Central bankers gather at Jackson Hole, Wyoming, this week for their annual economic symposium. Will the Fed acknowledge that the market volatility in emerging markets is partly due to its own policy signals?
USD: Risky assets hoping for a Yellen-esque Powell at Jackson Hole
All eyes will be on the Federal Reserve in the coming week – with the August FOMC meeting minutes (Wednesday) and the annual economic symposium at Jackson Hole (Friday) in focus. The MSCI emerging market FX index is down by more than 8% since April and for global investors, the question is not only whether the Fed acknowledges the EM market volatility, but also the fact that its own policy signals are playing a part in the broader deterioration in global risk appetite. Under former Fed Chief Janet Yellen, we would be pretty sure that these market conditions would have kept the FOMC in wait-and-see mode. However, Jackson Hole will allow Chair Jay Powell to either reiterate the Fed’s role as the global central bank – or make a marked shift and formally adopt an 'America First' monetary policy approach. A Yellen-esque Powell will be a pretty positive outcome for EM assets in the current market environment.

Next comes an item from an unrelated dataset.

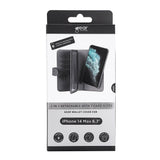 iPhone 14 Plus GEAR Lommebok - Skinn Flip 2-i-1 Deksel med Lommebok 7 Kart - Svart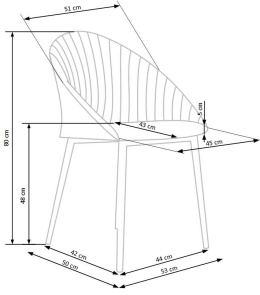 Halmar K357 krzesło do jadalni beżowe tkanina/czarny stelaż metal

EUR: Consolidation time as a lot of bad news is priced in
The euro is starting to reflect greater short-term domestic political angst; as we noted last week, the link between EUR/USD and peripheral European swap spreads suggests there may be a hefty three-four big figures worth of idiosyncratic European risks (Italy and Turkey) priced into the single currency. But while we feel that a lot of bad news is priced in, we also feel that it may be too early for any of this to be priced out meaningfully. Investors will be cautious over Turkey's medium-term economic plan (and we won't get clarity here until early September), while the next month or so will also see a narrower focus on the risks around the Italian budget (also unlikely to be resolved until September/October). Still, with Turkish markets on holiday from Tuesday this week, the former may be a reduced source of volatility for the euro in the immediate future. Eurozone data wise, we get the August PMI releases and consumer confidence (both Thursday); euro bulls will want to see some signs of consumption and investment intentions returning back online in 2H18.
JPY: Reasons to strategically like a lower USD/JPY with 110 in sight
USD/JPY remains highly sensitive to the changing geopolitical environment – and we expect the pair to remain sensitive to incoming headlines on US-China trade ties and EM geopolitics. While news of US-China trade talks has partially lifted risk sentiment, trading hopes of a better political world have proved to be unfruitful in 2018. The geopolitical reality has been a lot more damning in this new, unnerving protectionist world and on balance, we think that it’s more likely than not that additional US tariffs will come in. Either way, with leading US activity indicators starting to soften, we see most future paths pointing towards a lower USD/JPY – and the pair crossing the 110 psychological level could be a big confirmation of this. Stretched short JPY positioning also supports our view.
SEK: Another one set to bite the political dust with risks of EUR/SEK at 10.60
At a time when the global trade outlook is soggy, we see the domestic channel heaping additional pressure on the Swedish krona. Investors are beginning to factor in the upcoming general election on 9 September. Polls suggest the likely outcome is a hung parliament and record support for the far-right, anti-EU Sweden Democrats. A messy election, and potential lengthy negotiations to form a new government, mean that political uncertainty is another bearish SEK factor to price in. Risk of EUR/SEK moving to 10.60 given the negative domestic and geopolitical drivers.